Es imposible aspirar a vivir en un mundo en paz, cuando un instinto perverso induce a muchos a persistir en atacar a otros, aun después de superadas las circunstancias que los confrontaron; inclusive cuando una de las partes ya es pasajero de la eternidad. Por encima de armisticios, acuerdos de paz y reconciliaciones persisten resentimientos que algunos espíritus rencorosos son incapaces de superar. En el caso de los Estados, en los que intervienen actores políticos, de contiendas y batallas quedan rescoldos sobre los que siempre habrá quien sople para reavivar las llamas. Así, las heridas nunca se cierran, las cicatrices no se borran y las venganzas persisten.
Las reseñas históricas que carecen de objetividad, o son mentirosas, se encargan de que el desarme de los espíritus no sea posible y las enemistades se hereden.
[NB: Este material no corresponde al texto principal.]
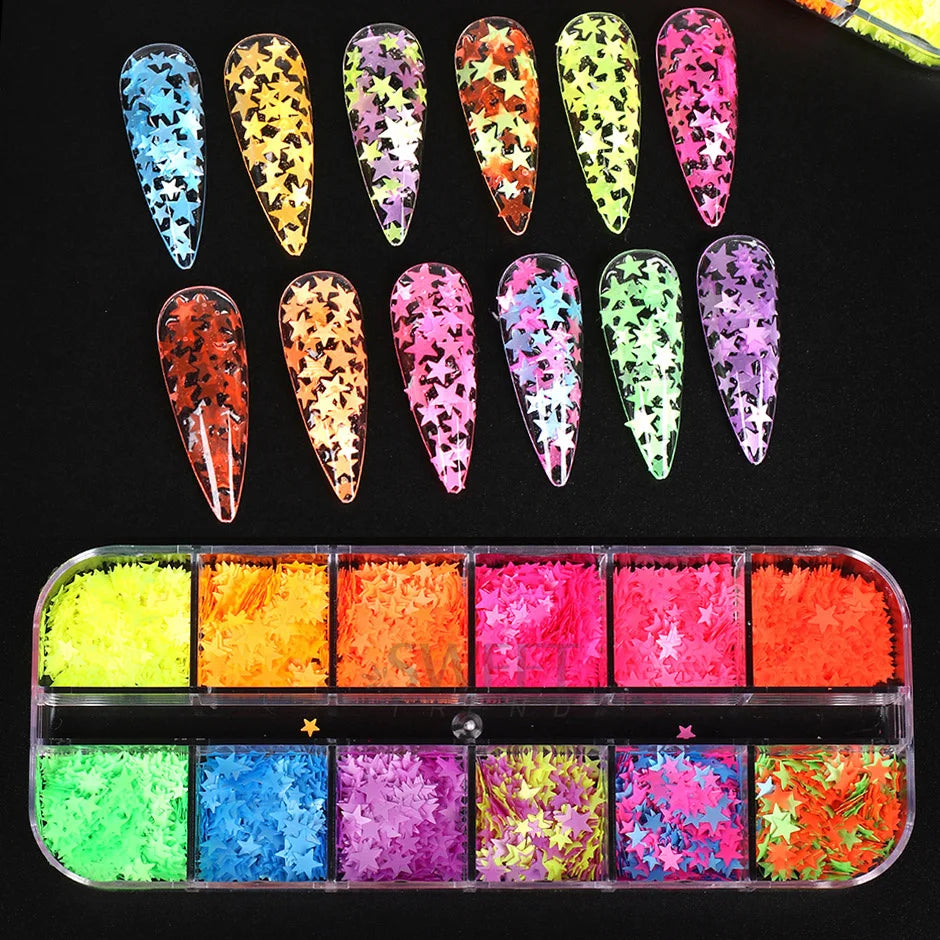 12 Grids Opal Dream Crystal Sequins Nail Flake Galaxy Iridescent Aurora 3D Paillette for Winter Autumn Manicure Decoration SWYFH Viralgem Store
Los ejemplos cunden a lo largo de la historia, que tratan de conflictos fronterizos, discrepancias religiosas, intereses de poder, desavenencias económicas y disputas políticas, que han mantenido al mundo en ascuas, destruyéndose los humanos entre sí y arrasando lo que han construido, para, después de treguas solemnemente pactadas, abrazarse, reconstruir lo arrasado; y poco tiempo después, cuando los actores en el liderazgo han cambiado, vuelve y juegan la guerra, la destrucción, la reconciliación y la restauración, siempre con argumentos y motivaciones nuevos que las justifiquen.
Llama la atención que el maravilloso y sorprendente avance cultural y tecnológico de la humanidad no haya superado lo antes descrito y que la mezquindad prevalezca sobre la nobleza, la generosidad y la solidaridad contenidas en los discursos de los aspirantes a gobernar y en las lecciones morales proclamadas por jerarcas religiosos y filósofos, depositarios de los principios éticos. Por el contrario, la dinámica de las comunicaciones, administrada por actores ávidos de protagonismo y necesitados de audiencia para financiar los espacios que ocupan en las redes, se inclina por el sensacionalismo, que cautiva más oyentes, lectores y televidentes que otros temas nobles y edificantes.
Un espacio periodístico, que se lanzó hace poco en Colombia con muy buenos augurios, se dejó picar del amarillismo. En reciente edición difundió el “descubrimiento” de un veterano periodista, que pisotea con “revelaciones” infames la memoria del presidente Virgilio Barco Vargas (1986-1990), fallecido hace 24 años. La fuente la cubre con el manto del anonimato. Ese periodismo negativo, de ancianos reencauchados, impide construir el futuro anhelado. Es como pretender levantar rascacielos con esterilla de guadua y cagajón.